- Problem statement
Each record below is to be copied exactly; the pictures are to be omitted.

- Data for analysis
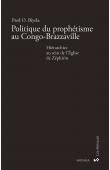  BIYELA Fred O. - Politique du prophétisme au Congo-Brazzaville. Hiérarchies au sein de l'Église de Zéphirin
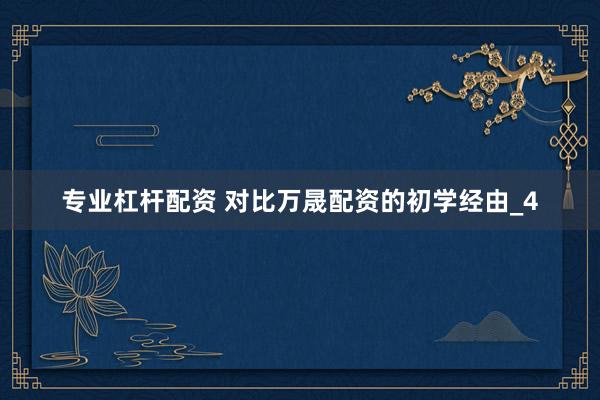 专业杠杆配资 对比万晟配资的初学经由_4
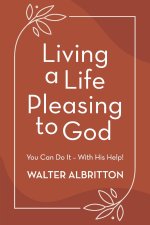 Living A Life Pleasing to God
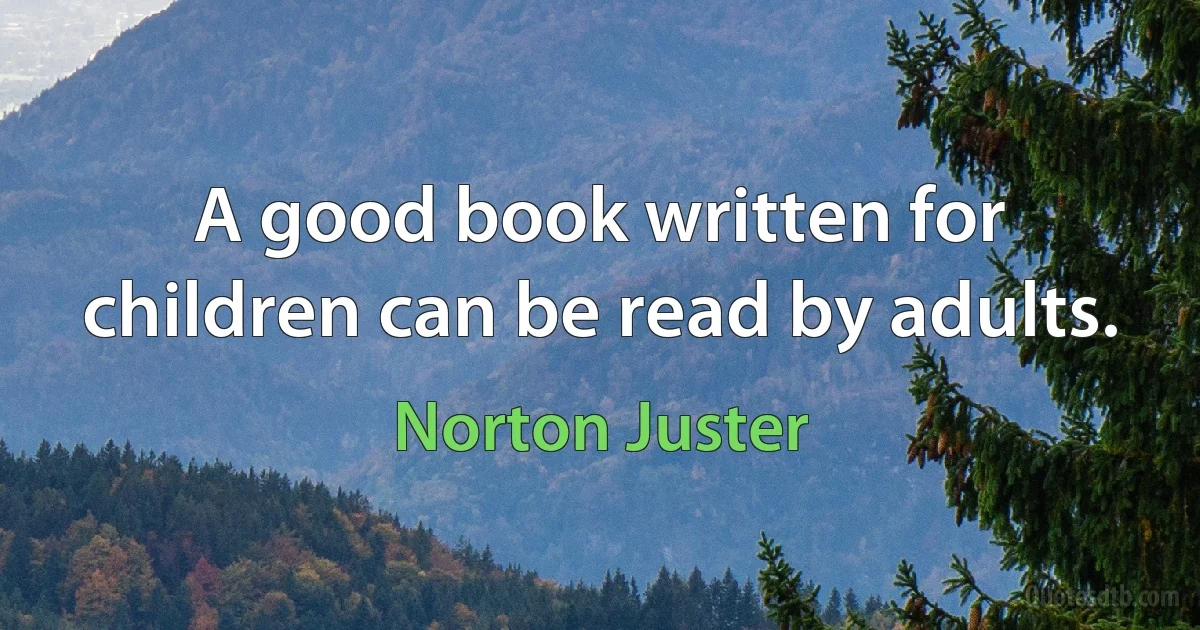 A good book written for children can be read by adults. (Norton Juster)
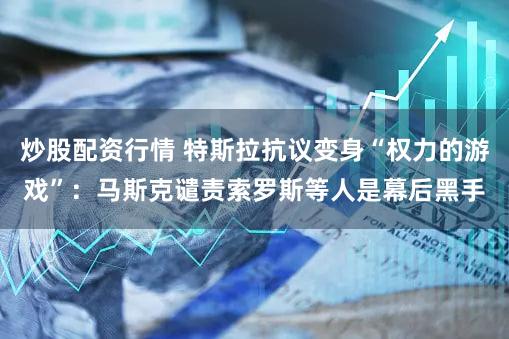 炒股配资行情 特斯拉抗议变身“权力的游戏”：马斯克谴责索罗斯等人是幕后黑手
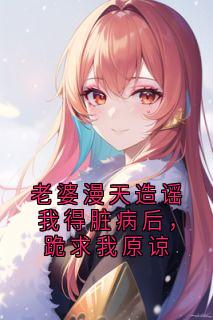 老婆漫天造谣我得脏病后，跪求我原谅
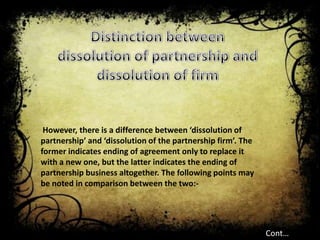 However, there is a difference between ‘dissolution of
partnership’ and ‘dissolution of the partnership firm’. The
former indicates ending of agreement only to replace it
with a new one, but the latter indicates the ending of
partnership business altogether. The following points may
be noted in comparison between the two:-




                                                              Cont…
 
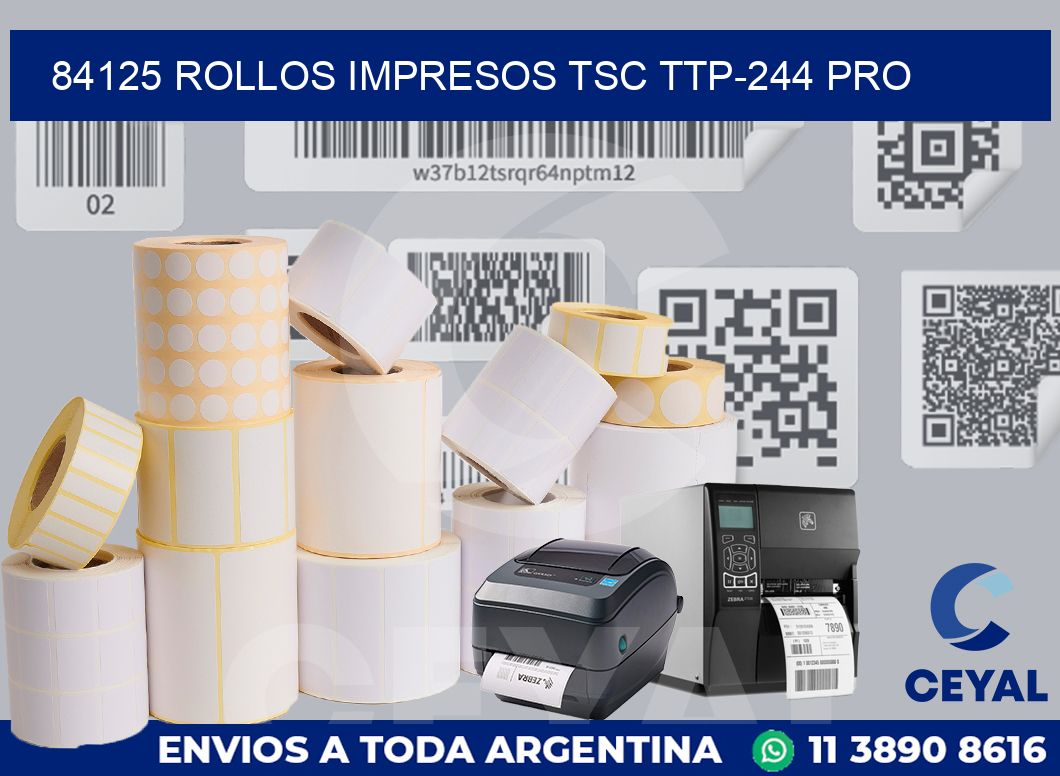 84125 ROLLOS IMPRESOS TSC TTP-244 PRO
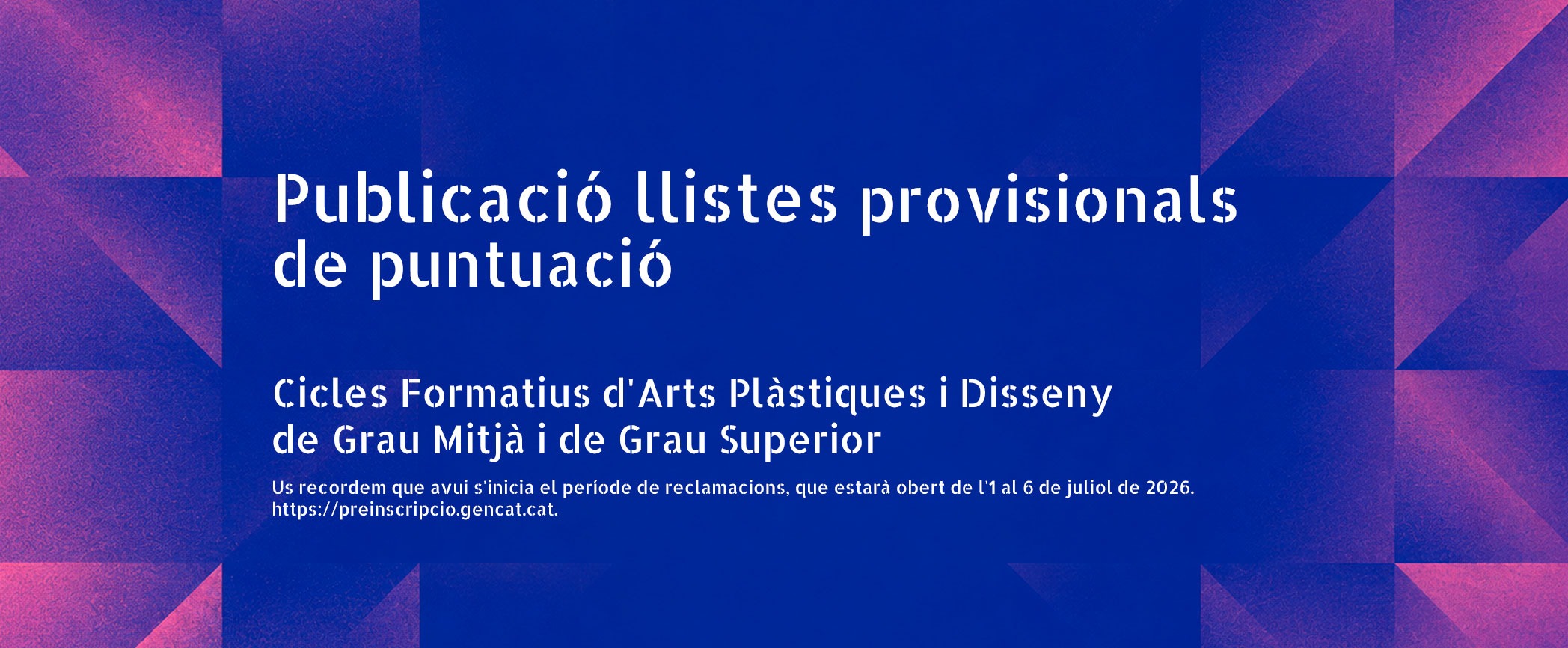 llistes provisionals de puntuació cicles formatius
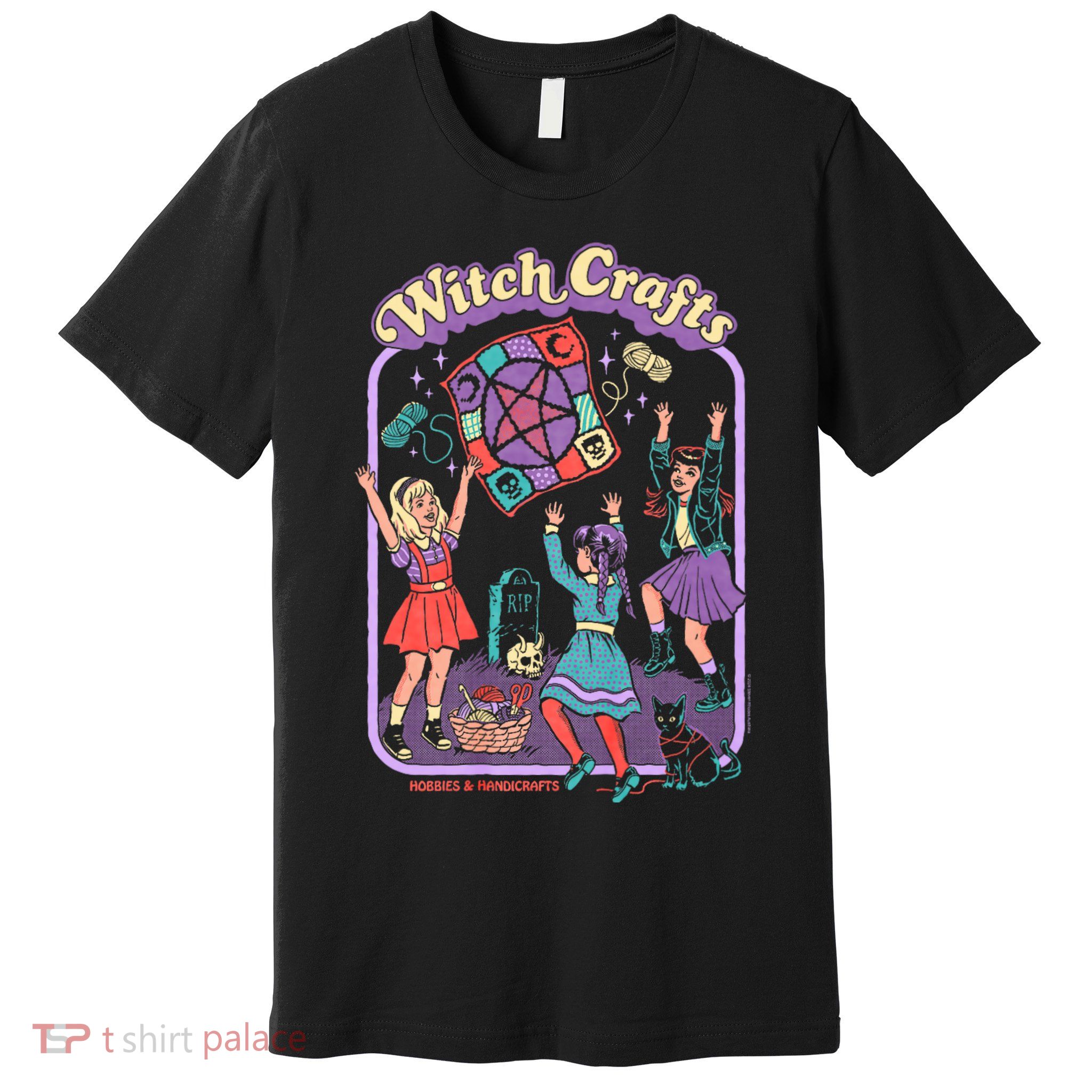 Steven Rhodes Witch Crafts Hobbies & Handicrafts Dark Humor Premium T-Shirt
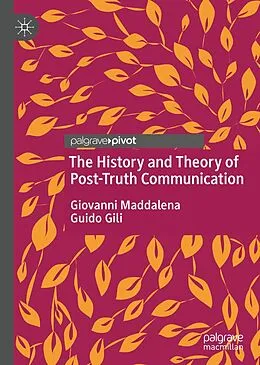 E-Book (pdf) The History and Theory of Post-Truth Communication von Giovanni Maddalena, Guido Gili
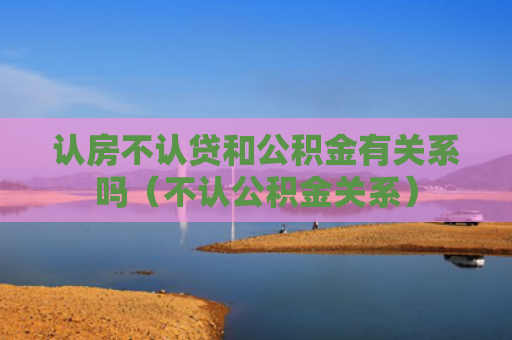 认房不认贷和公积金有关系吗（不认公积金关系）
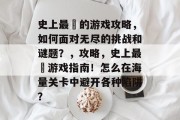 史上最囧的游戏攻略，如何面对无尽的挑战和谜题？，攻略，史上最囧游戏指南！怎么在海量关卡中避开各种陷阱？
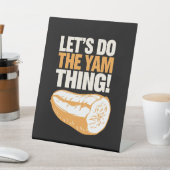 サツマイモのサツマイモを感謝してヤマノイモをやろう 台座サイン (インサイチュ)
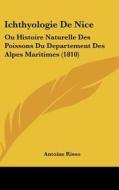 Ichthyologie de Nice: Ou Histoire Naturelle Des Poissons Du Departement Des Alpes Maritimes (1810) di Antoine Risso edito da Kessinger Publishing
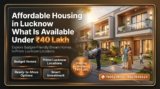 Why Buying an Affordable Home in Lucknow Under 40 Lakh Is One of the Smartest Investments You Can Make in 2026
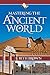 Mastering the Ancient World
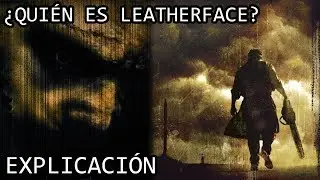 &iquest;Qui&eacute;n es Leatherface? EXPLICACI&Oacute;N | Leatherface de La Masacre de Texas y su Origen EXPLICADO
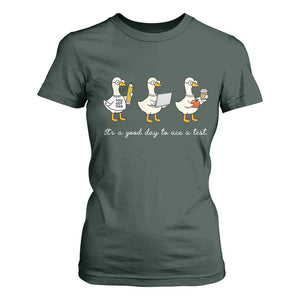 Silly Goose Test Day T Shirt For Women It's A Good Day To Ace A Test Teacher Students TS11 Dark Forest Green Print Your Wear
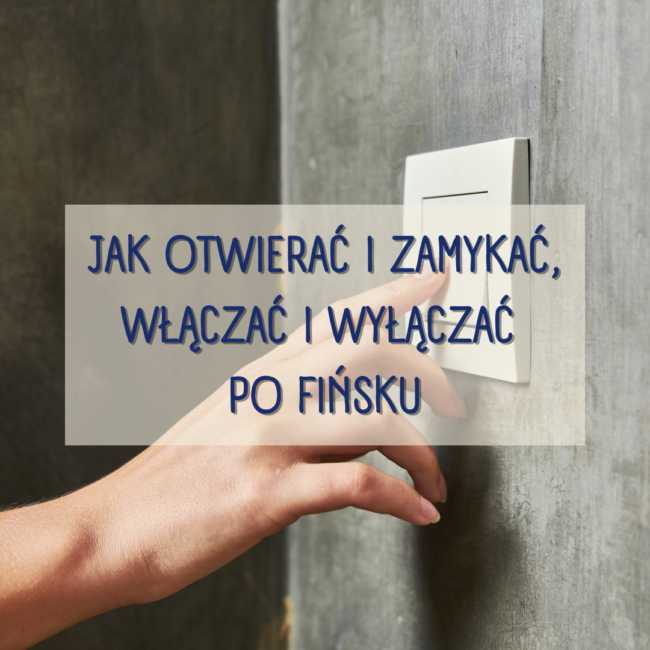 Jak otwierać i zamykać/włączać i wyłączać po fińsku?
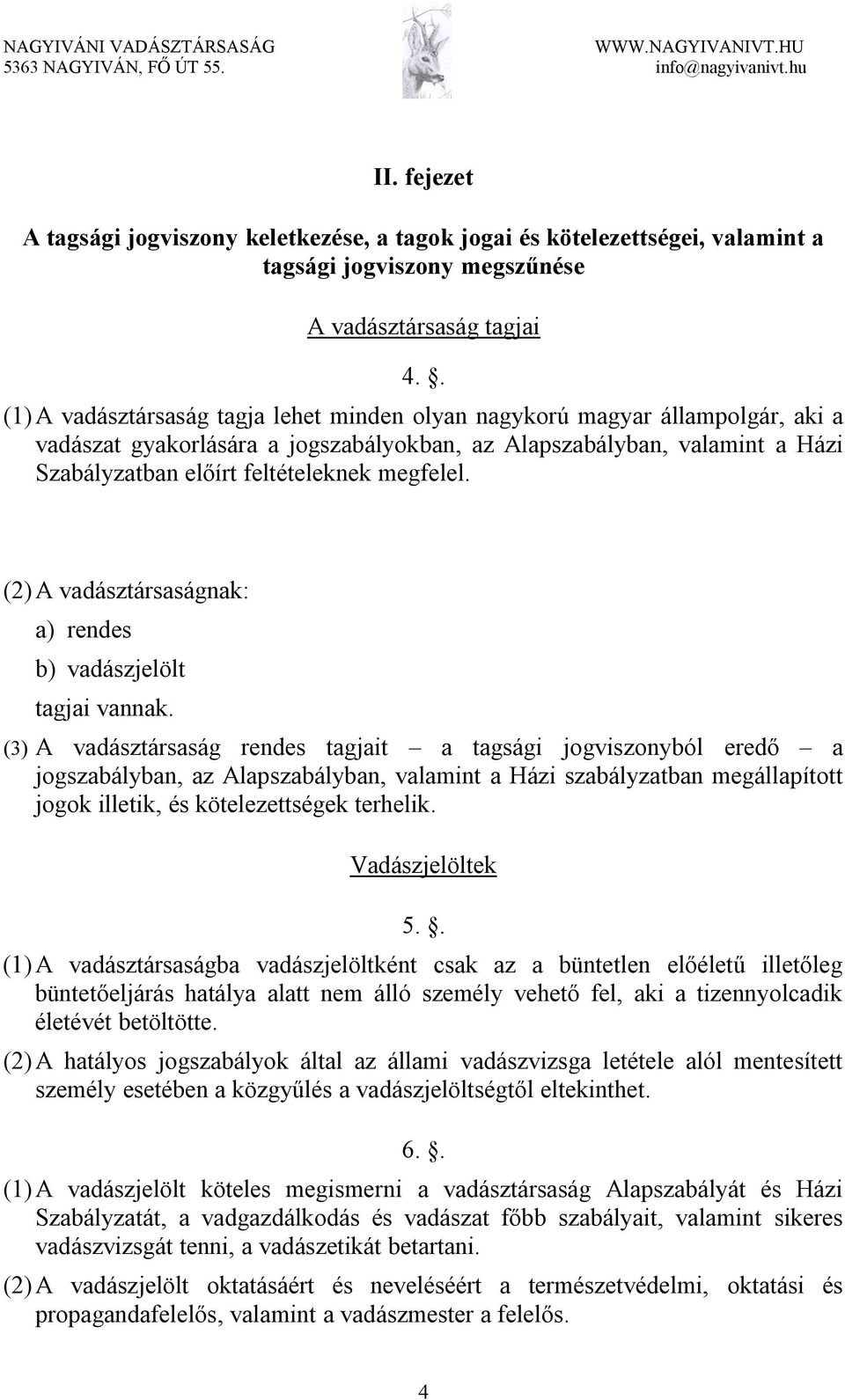 megfelel. (2) A vadásztársaságnak: a) rendes b) vadászjelölt tagjai vannak.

- Answer box
  BIYELA Fred O. - Politique du prophétisme au Congo-Brazzaville. Hiérarchies au sein de l'Église de Zéphirin
 专业杠杆配资 对比万晟配资的初学经由_4
 Living A Life Pleasing to God
 A good book written for children can be read by adults. (Norton Juster)
 炒股配资行情 特斯拉抗议变身“权力的游戏”：马斯克谴责索罗斯等人是幕后黑手
 老婆漫天造谣我得脏病后，跪求我原谅
 However, there is a difference between ‘dissolution of
partnership’ and ‘dissolution of the partnership firm’. The
former indicates ending of agreement only to replace it
with a new one, but the latter indicates the ending of
partnership business altogether. The following points may
be noted in comparison between the two:-




                                                              Cont…
 
 84125 ROLLOS IMPRESOS TSC TTP-244 PRO
 llistes provisionals de puntuació cicles formatius
 Steven Rhodes Witch Crafts Hobbies & Handicrafts Dark Humor Premium T-Shirt
 E-Book (pdf) The History and Theory of Post-Truth Communication von Giovanni Maddalena, Guido Gili
 认房不认贷和公积金有关系吗（不认公积金关系）
 史上最囧的游戏攻略，如何面对无尽的挑战和谜题？，攻略，史上最囧游戏指南！怎么在海量关卡中避开各种陷阱？
 サツマイモのサツマイモを感謝してヤマノイモをやろう 台座サイン (インサイチュ)
 Ichthyologie de Nice: Ou Histoire Naturelle Des Poissons Du Departement Des Alpes Maritimes (1810) di Antoine Risso edito da Kessinger Publishing
 Why Buying an Affordable Home in Lucknow Under 40 Lakh Is One of the Smartest Investments You Can Make in 2026
 Mastering the Ancient World
 &iquest;Qui&eacute;n es Leatherface? EXPLICACI&Oacute;N | Leatherface de La Masacre de Texas y su Origen EXPLICADO
 Silly Goose Test Day T Shirt For Women It's A Good Day To Ace A Test Teacher Students TS11 Dark Forest Green Print Your Wear
 Jak otwierać i zamykać/włączać i wyłączać po fińsku?
 megfelel. (2) A vadásztársaságnak: a) rendes b) vadászjelölt tagjai vannak.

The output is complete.